Of course students recognize and respond to authority. We all do. How do people get that kind of authority? Are they just born with it? Or do they learn from authoritative people; exousia? Many of us have authority within a small sphere – on such-and-such a topic, with such-and-such an audience. Probably not on every liberal art, with 20 bored teens blowing spit wads our way. Here’s one thing that never happened – not once – in all the “teacher credentialing” bosh – never once did they send a student to a really difficult school where a teacher was succeeding (preferably without becoming some kind of unbalanced workaholic), and watch what that looked like. Not as a student, nor as a teacher, nor as an observer. For student teaching I got to watch a good, talented teacher in a good school with interested students teach studio art. Given that situation, I could no doubt teach quite decently. I don’t even have a question on that. It’s not the same thing. Teaching is not the same always and everywhere. Not even close.

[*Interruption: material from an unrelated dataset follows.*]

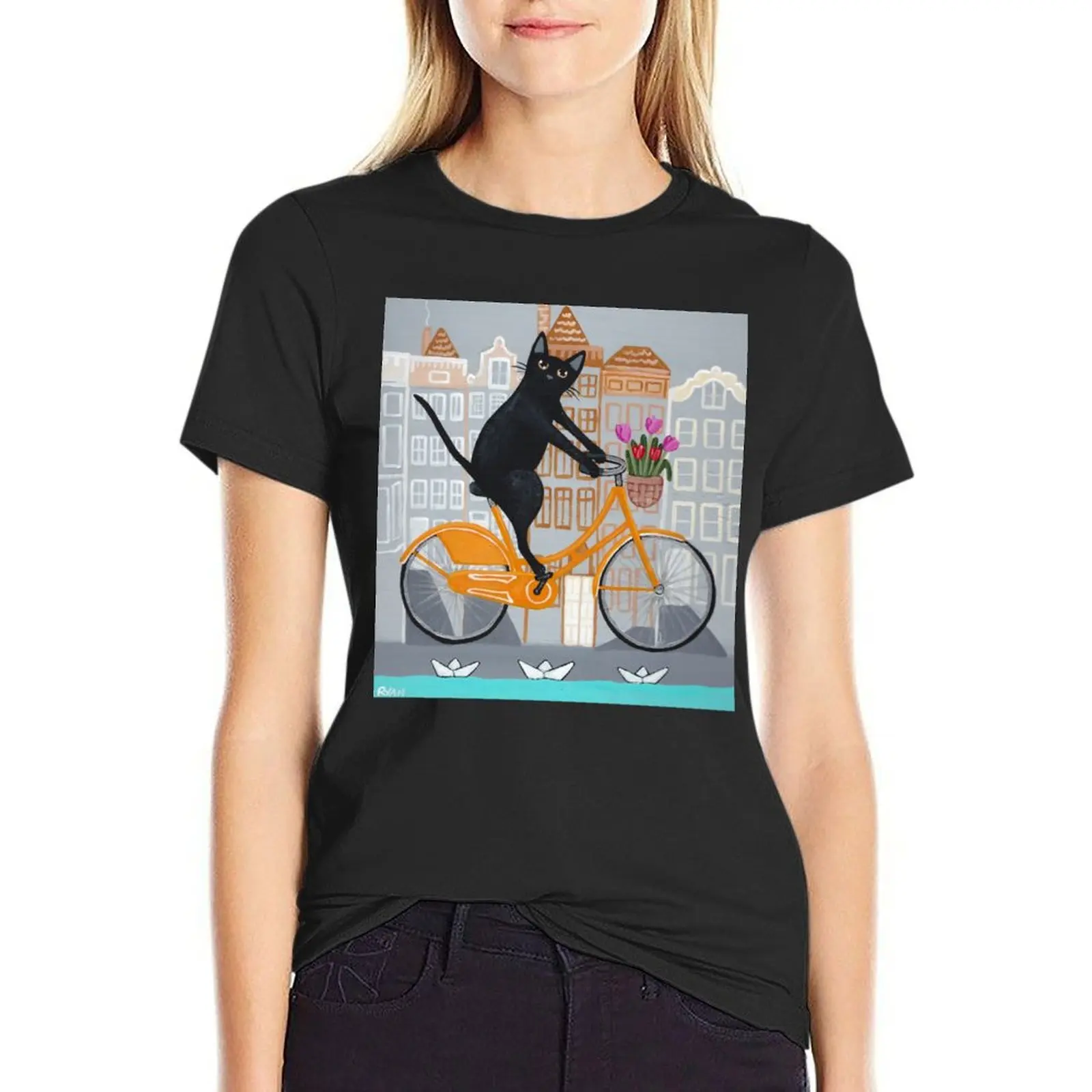 

Amsterdam Bicycle Ride T-Shirt Aesthetic clothing Blouse cat shirts for Women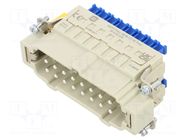 Connector: HDC; contact insert; male; 16A; 500V; Han® ES Press HARTING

And speaking of education – take that ExC-ELL! Fr John managed to teach us all a Greek word by straight lecture, without once asking us to learn it, nor did he use a visual aid, a smartboard, a manipulative, nor a special “method;” there was no test, no shame in not knowing it, no notes, and no link to popular culture. Seriously. What is wrong with us. Unamuno is intent on teaching what apacotastisis without ever bothering to define it. I’ll let you know if it works. So far he’s done pretty well – we had a brief conversation over lunch on whether anyone there knew it, and whether there was, in fact, a definitive meaning at all (apparently various saints have disagreed on that point).